Hayata gözlerin açılması ile birlikte insanoğlu, dünyanın çevresel etmenlerine meydan okumanın henüz farkında olmasa da ilerleyen yaşlarda umarsızca ve sınırsız tatmin edilmesi gereken ihtiyaçlarıyla arayışların doruk noktalarını hissedip yaşamaya başlar.

Hayat ve yaşam koşulları insan için kurulu bir düzendir ve insan bu kurulu düzeni kendisi için var olması gereken bir ortam olarak görür.

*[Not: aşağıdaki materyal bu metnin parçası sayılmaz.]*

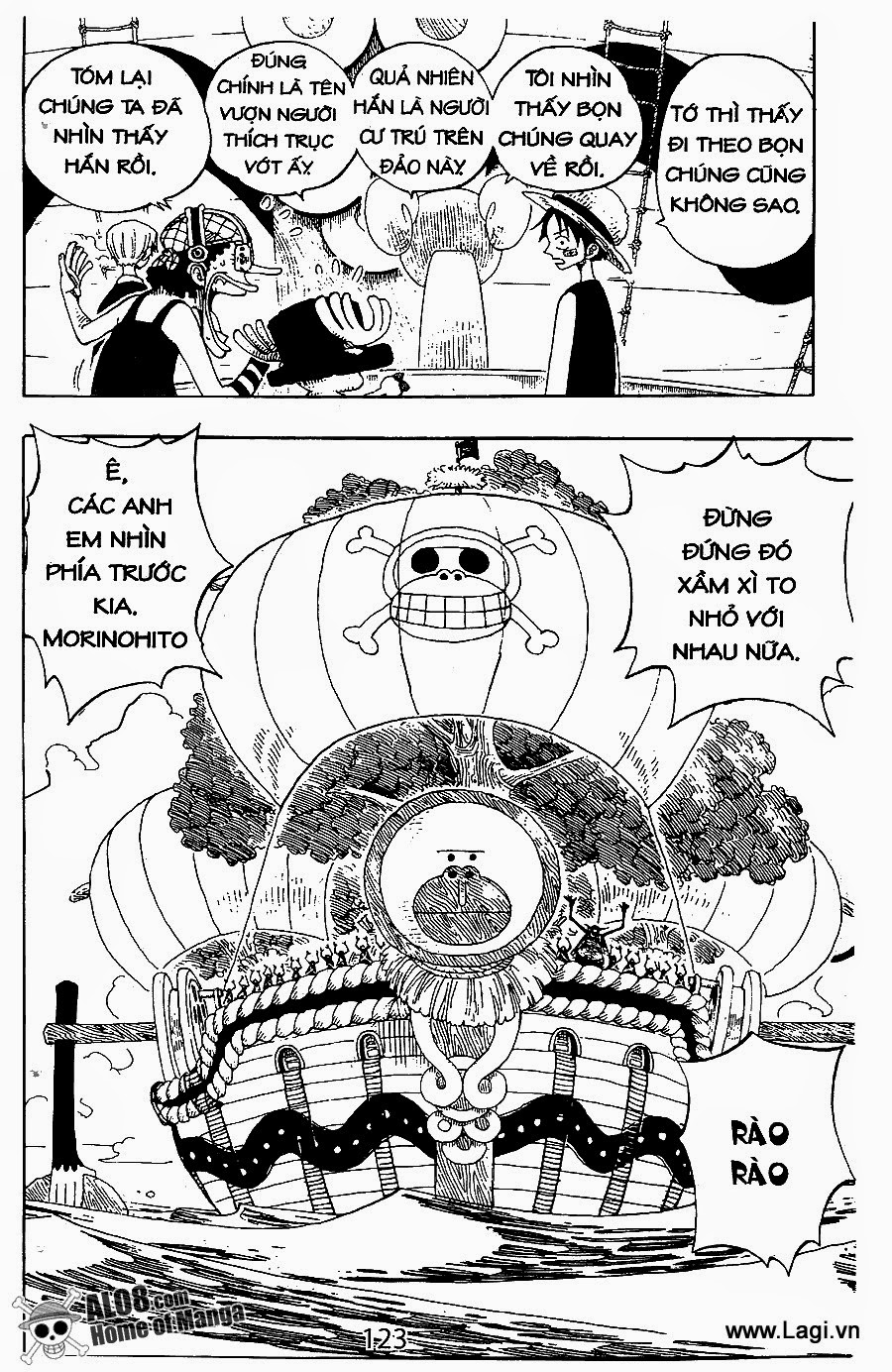 One Piece - Đảo Hải Tặc Chapter 226 - Image 10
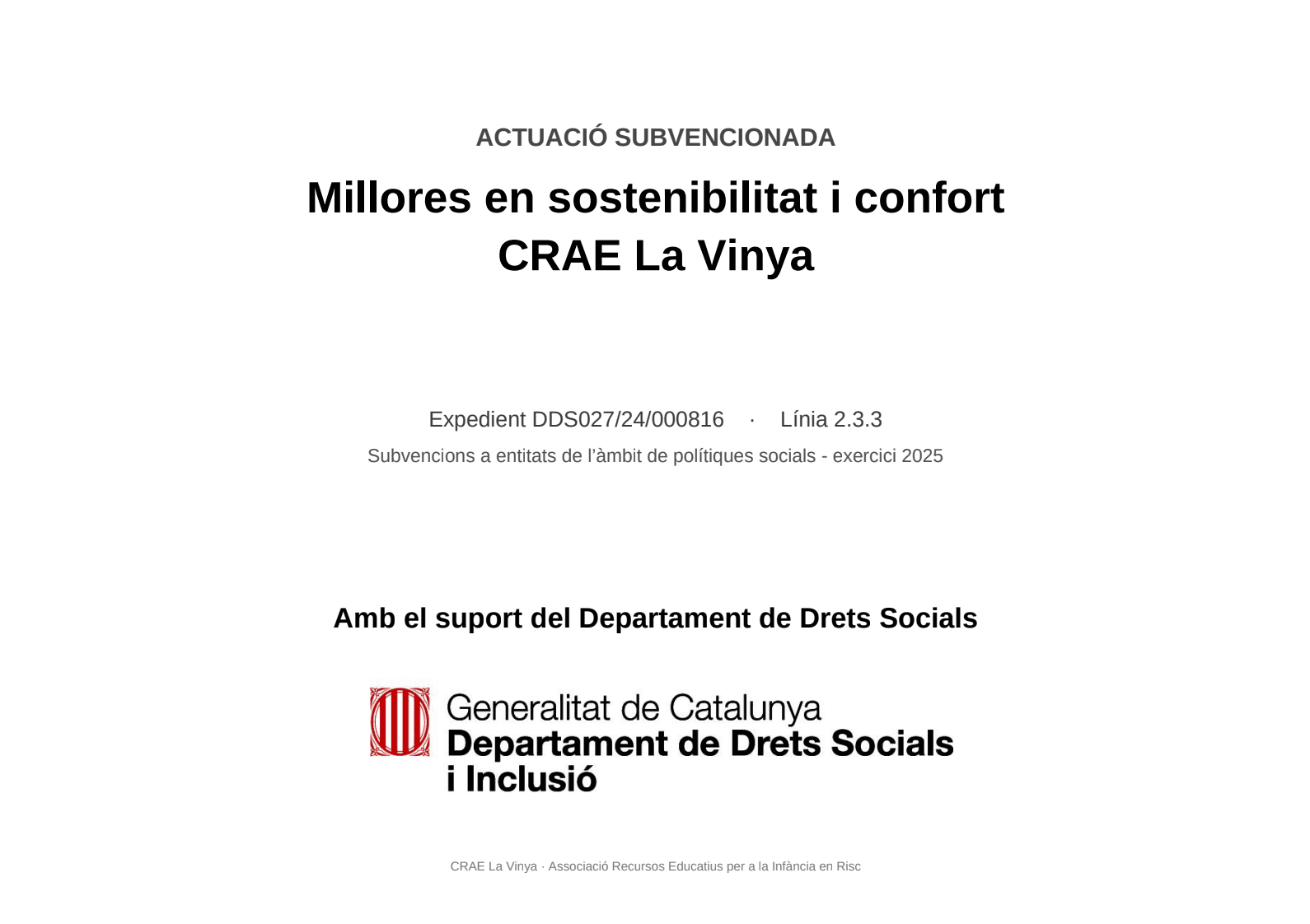 Cartell informatiu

Tüm donanımlarıyla ve var olan tüm yaşam imkânlarıyla hayat insan merkezli bir döngüye sahiptir.

İnsan bu döngünün merkezinde, yaşam evrelerinin doğum ile ölüm arası zaman ve mekân birlikteliğini sürdürme amacını gerçekleştirmek durumundadır.

Yaşam süreci değişik evrelerden meydana gelerek insanın gelişim dönemlerine bağlı olarak farklı bedensel-zihinsel aşamalar oluşturur.

Hızla büyüyen bedensel yapı ve organik sistem ile insan, olgunlaşma ve gelişmenin hızla arttığı bir sosyalleşme dönemi içerisinde de yer almaktadır.

İhtiyarlık döneminin kaçınılmaz sonu ve yaşlılığın bedensel, zihinsel yetersizliğinde etrafa umarsız bakışlarla bakmanın hazin sonu her insanın mutlak kaderi…

Gençlik ve olgunluk döneminin hızlı ve heyecanlı dalgalarında sarf edilen bir ömrün sakin limanında, değer verilmeyi bekleyen bir çift gözün sahip olduğu beklentilerin karşılıksız cevaplarında yaşanan yıkım halleri!         

Yaşlılık ve bedensel çöküşün zihinsel geri dönüşümle harmanlandığı ve artık dünyaya bağlılığın zayıflamaya başladığı bir evre, kendini umarsızca hissettirmeye başlar.

İhtiyarlık dönemi, ölüme giden yolun son durağı olarak olgunluğun uç noktalara ulaştığı yaşamın sakin limanıdır.

Hayat tecrübelerinin ve hataların muhakemesinin, hatta “Keşke” lerin çokça dillendirildiği bu dönemde, insanların beklenti adına daha önce aklına bile getirmeyi düşünmediği yakarışların sarsıcı bakışlarıyla etrafa yöneldiği bir evre önümüze serilmektedir.

Saygının ve hatırı sorulmanın beklentisiyle, gençlik dönemlerinde gösterilmeyen davranışlar etraftaki insanlardan beklenir bir hal alır.

Yaşlılığın verdiği yorgunluk ve yaşanan tecrübelerin kişiye kattığı bilge hali ile önemli biri olma psikolojisinin kendini gösterdiği bilinen bir durum.